◆ TASK BRIEF:
Apart from the images, reproduce all of the data word for word.

◆ DATA BLOCK:

+++++

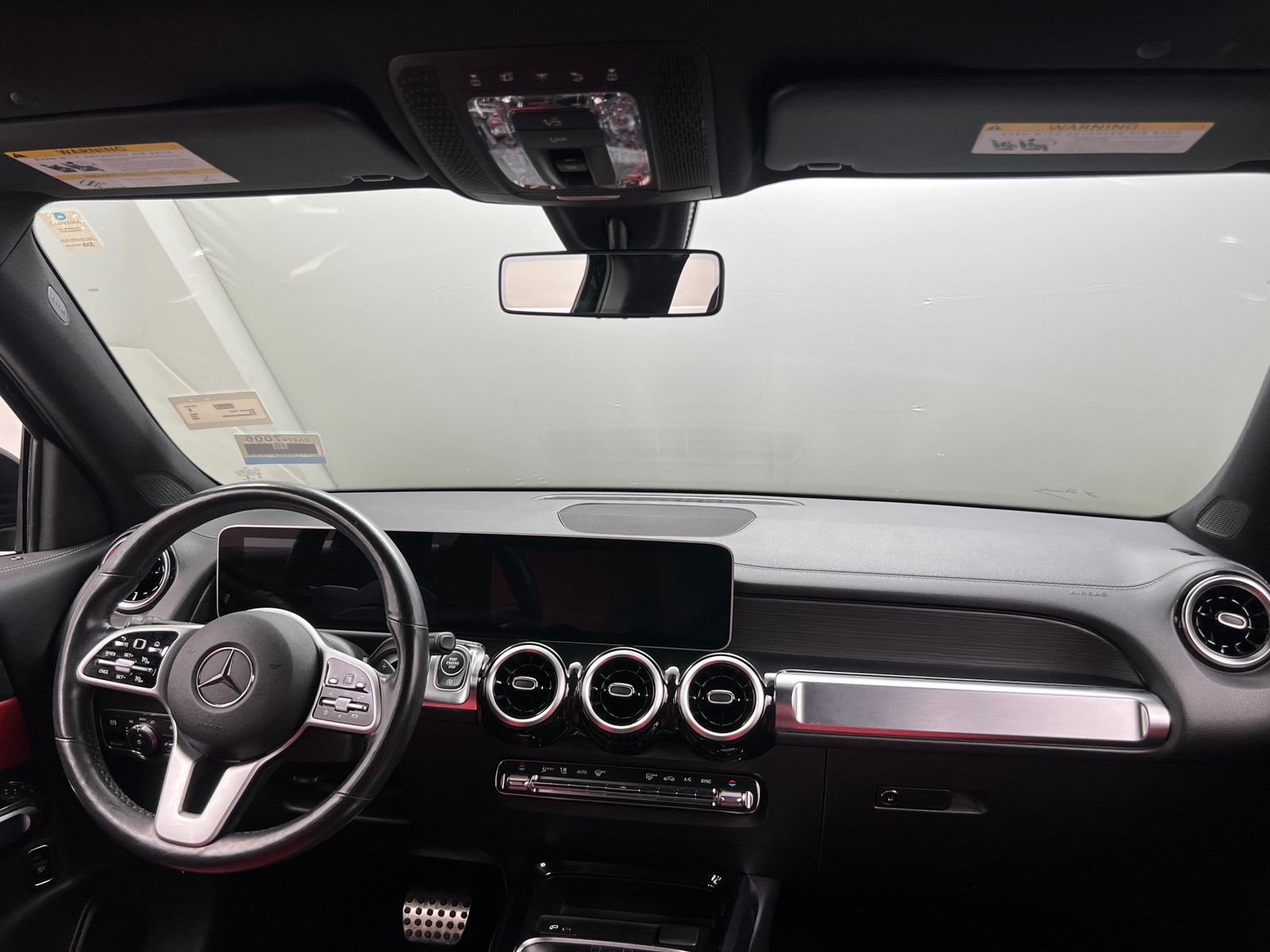 Thumbnail: 2020 Mercedes-Benz GLB - 2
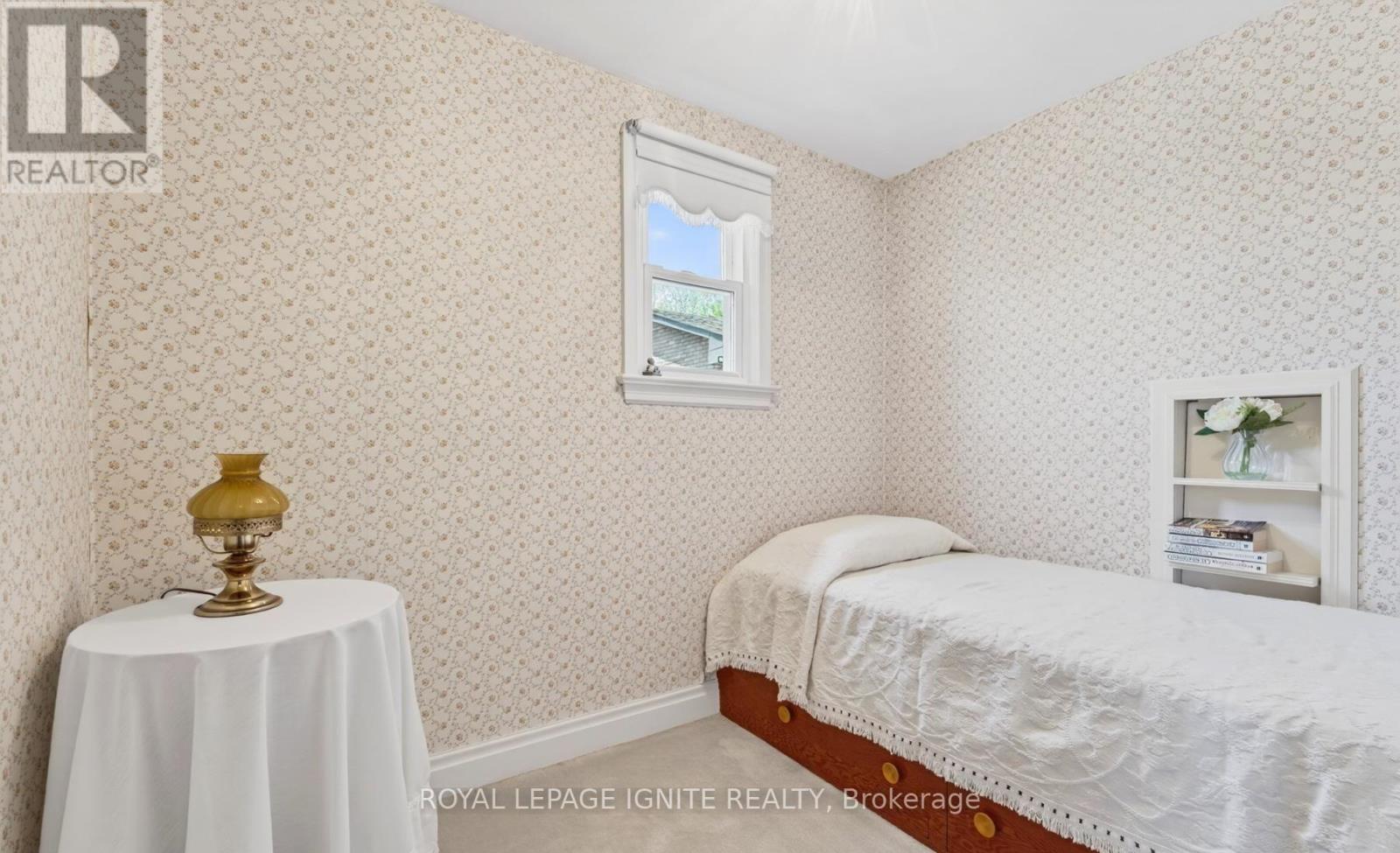 Main - 820 Simcoe Street N, Oshawa, Ontario L1G 4V8 - Photo 10 - E13571872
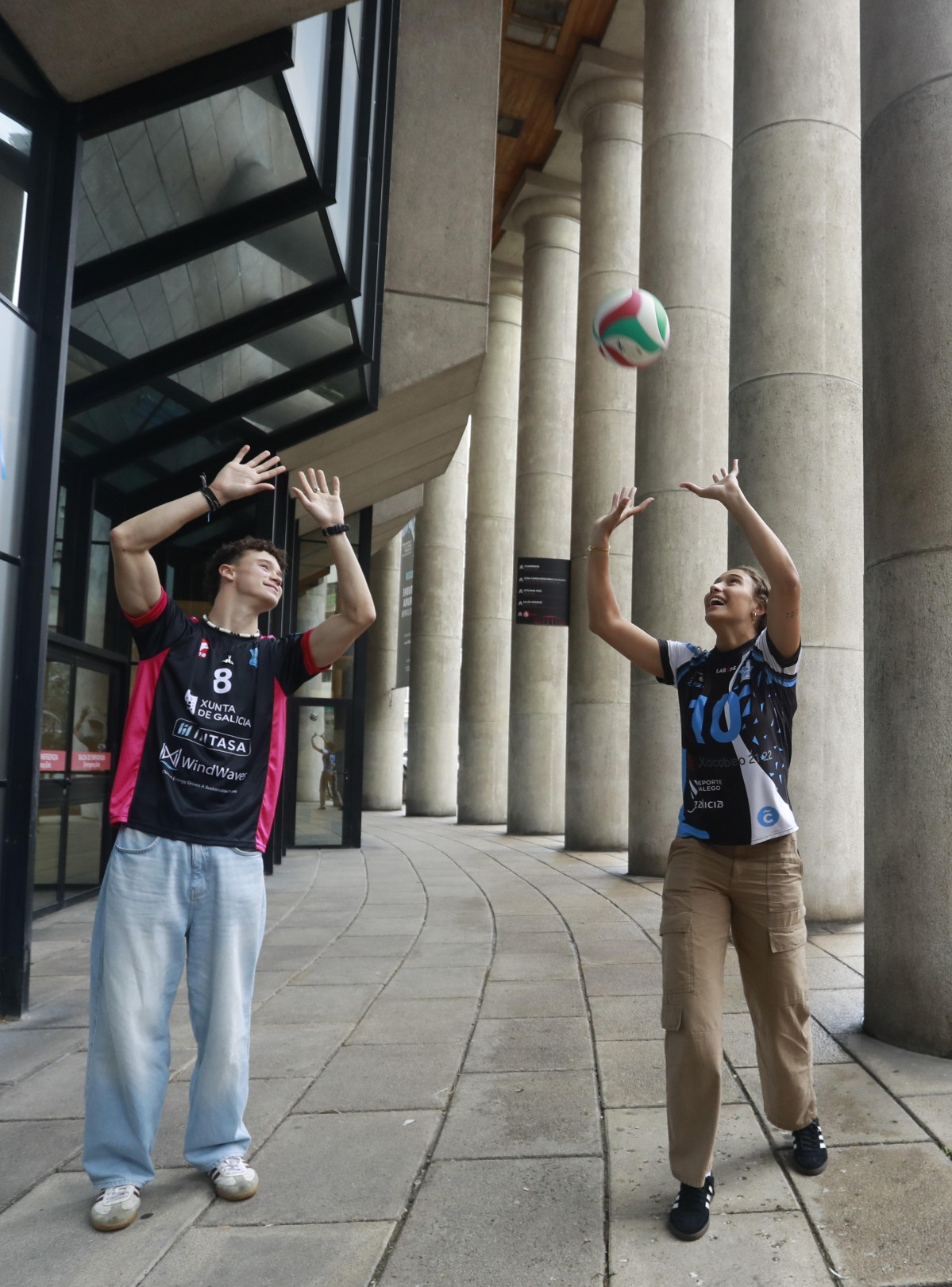 Los hermanos Roi e Inu00e9s Losada, jugadores de voleibol en el San Sadurniu00f1o y el Zalaeta  @Patricia G. Fraga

+++++

◆ ANSWER BOX:
 Thumbnail: 2020 Mercedes-Benz GLB - 2
 Main - 820 Simcoe Street N, Oshawa, Ontario L1G 4V8 - Photo 10 - E13571872
 Los hermanos Roi e Inu00e9s Losada, jugadores de voleibol en el San Sadurniu00f1o y el Zalaeta  @Patricia G. Fraga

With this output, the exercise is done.